POTUS Biden meets French President Macron at G-20 summit in Delhi.

Mainstream media outlets are now awaiting the Elections-2024, underscoring the wide distance between the Democratic players on the Hill and the Democratic voters who’ve put them there. NBC News brought it all into focus, summing up: “When party elites look at President Joe Biden, they see the second coming of Franklin D. Roosevelt. When voters view the president, many see an old man,” notes Norman Solomon, the national director of RootsAction.org and executive director of the Institute for Public Accuracy.

Recent news reports have been filled with results of one poll after another showing that President Biden continues to weaken as a candidate for re-election.

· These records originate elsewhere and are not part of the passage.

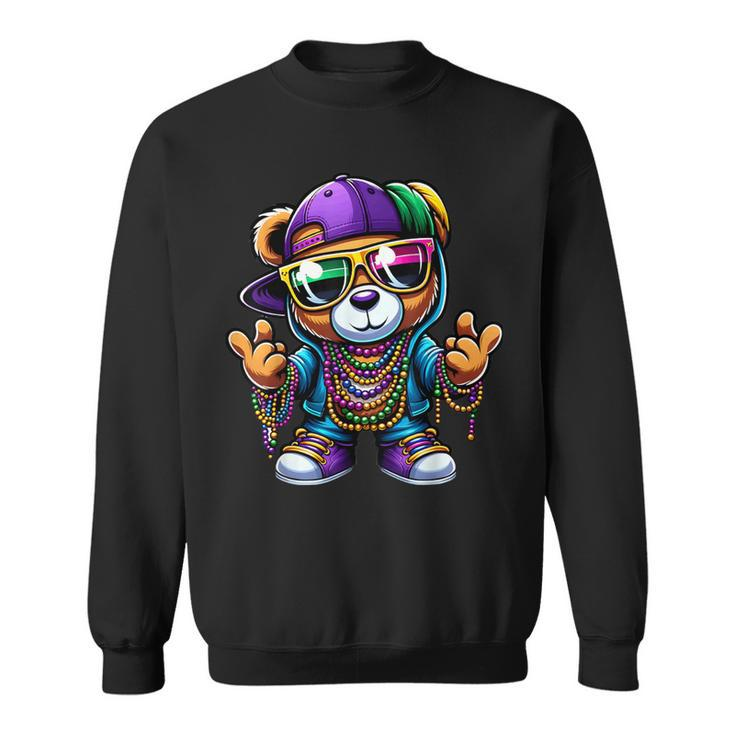 Mardi Gras For Boys Hip Hop Teddy Bear New Orleans Sweatshirt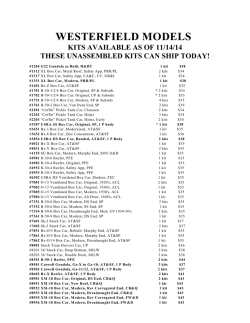 westerfield ready to ship kit list 2015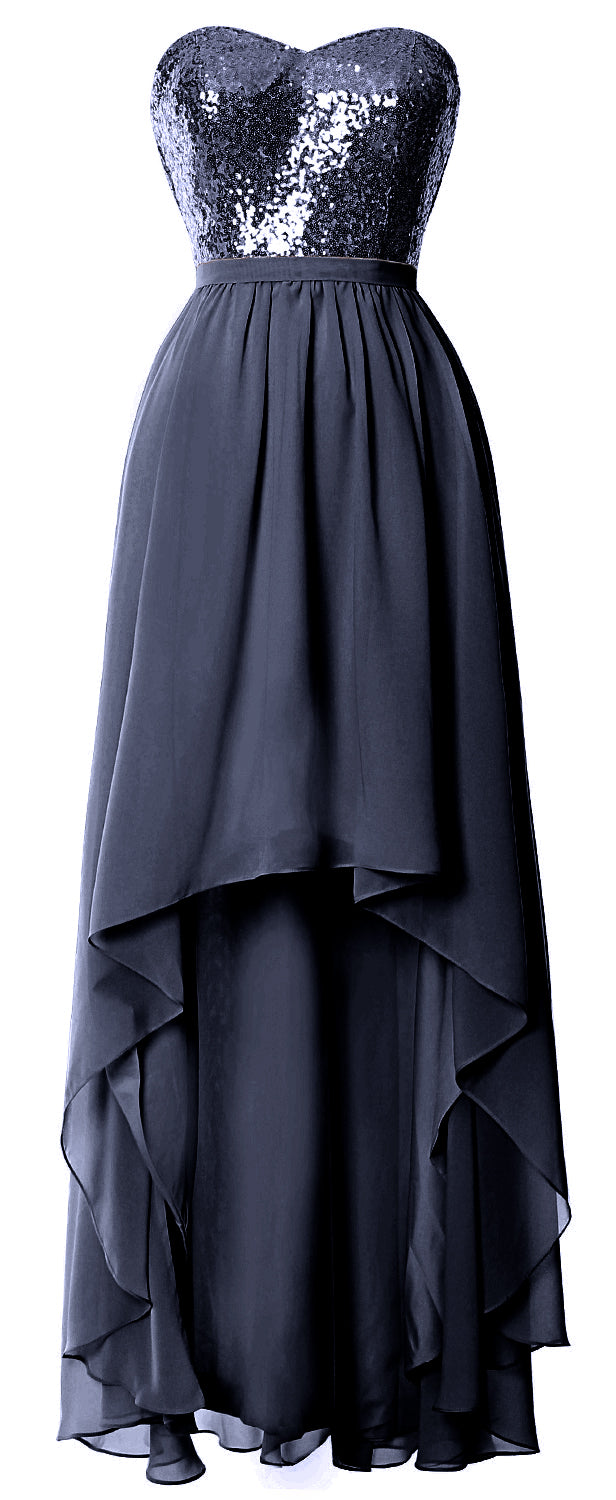 MACloth High Low Brautjungfernkleider Sweetheart Pailletten Hochzeitsfeierkleid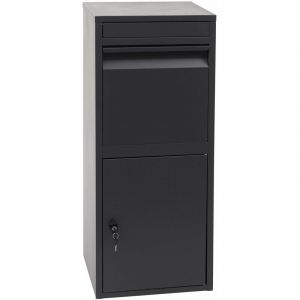 Décoshop26 Boîte à colis paquet boîte aux lettres sur pieds 102x41x38 cm en acier inoxydable anthracite galvanisé 040001374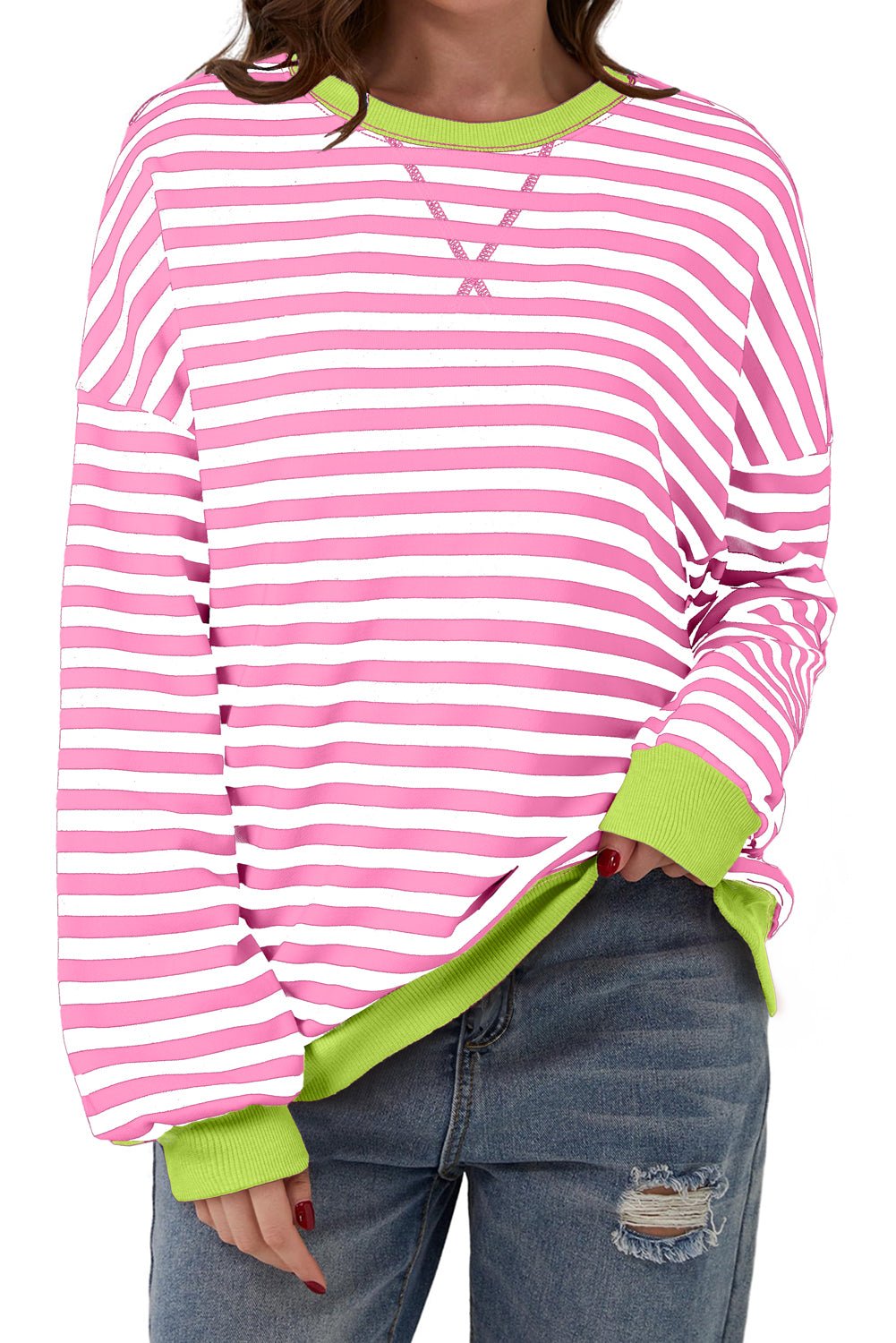 Rose Red Striped Contrast Trim Drop Shoulder Sweatshirt - MAD RUFFI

With an overall approval rating now 21 points underwater, polling shows he has lost support among key demographics that made his 2020 victory possible – especially the young and people of color. Alarm bells among pro-Biden pundits have finally begun to break the political sound barrier.

But on Capitol Hill, all’s quiet on the Democratic front.

A gap has grown vast between current assessments from media, largely based on voter opinion data, and current public claims from congressional Democrats who keep their nose to the talking-points grindstone. An effect is that party leaders and backbenchers alike are losing credibility with the party’s base.

The gap is so lopsided that a poll this month found 67 percent of “Democrats and Democratic-leaning independent voters” said they don’t want Biden to run again. Meanwhile, no more than 1 percent of Democrats in Congress are willing to say so in public. By any measure, a disconnect between 67 and 1 percent is, uh, substantial.

For Democratic lawmakers to be so untethered from the people who elected them tells you a lot about the compliant relationship that usually prevails among elected Democrats toward President Biden. And it signifies an unhealthy relationship between Democrats in office and the party’s activist base.

The dire need for progressive advances in government policies is undermined when elected Democrats reflexively echo the Biden 2024 campaign line and pretend that he’s a sufficiently strong candidate to defeat the neofascist Republican Party next year. When deferring to congressional Democrats who in turn defer to the man in the Oval Office, progressive activists and organizations end up functioning more like supplicants than constituents in a representative democracy.

Polling in the 10 months since then indicates that Biden would likely be an even huger drag on Democratic candidates a year from now. But hope springs eternal, and so does fear of angering the White House. With the start of presidential primaries just a few months away, the crux of the matter is that Democrats in Congress are opting for self-focused, risk-averse conformity rather than visionary leadership.

Now — while even pro-Biden media like CNN and MSNBC are, at last, sounding more realistic about Biden’s severe electoral deficits — prominent Democrats are keeping quiet about the grim odds of a 2024 political train wreck.

More importantly, many hear timeworn ideas and promises that ring hollow. Working-class voters can see and hear a president who has refused to really fight for their economic interests, while corporate greed has been raising prices. It’s an invitation to eye-rolling from core Democratic constituencies when Biden and his advocates proclaim how he’s going to go all-out to fight for their interests in the second term after he hasn’t done so in the first.

To Democratic officeholders, worried about retaining the presidency and their own seats, such matters might seem relatively unimportant. But bleak electoral consequences are foreseeable. Biden has declined to use the bully pulpit to battle for progressive measures that are poll-tested and popular with the electorate, Norman Solomon writes.

A quarter of Democratic voters favor Robert F. Kennedy Jr. (photo) in their party’s primary, and many would vote for Kennedy if he ran as a third-party candidate in 2024.

The latest Rasmussen Reports national telephone and online survey finds that 57% of Likely Democratic voters would vote for President Joe Biden in the 2024 Democratic primaries, while 25% would vote for RFK Jr.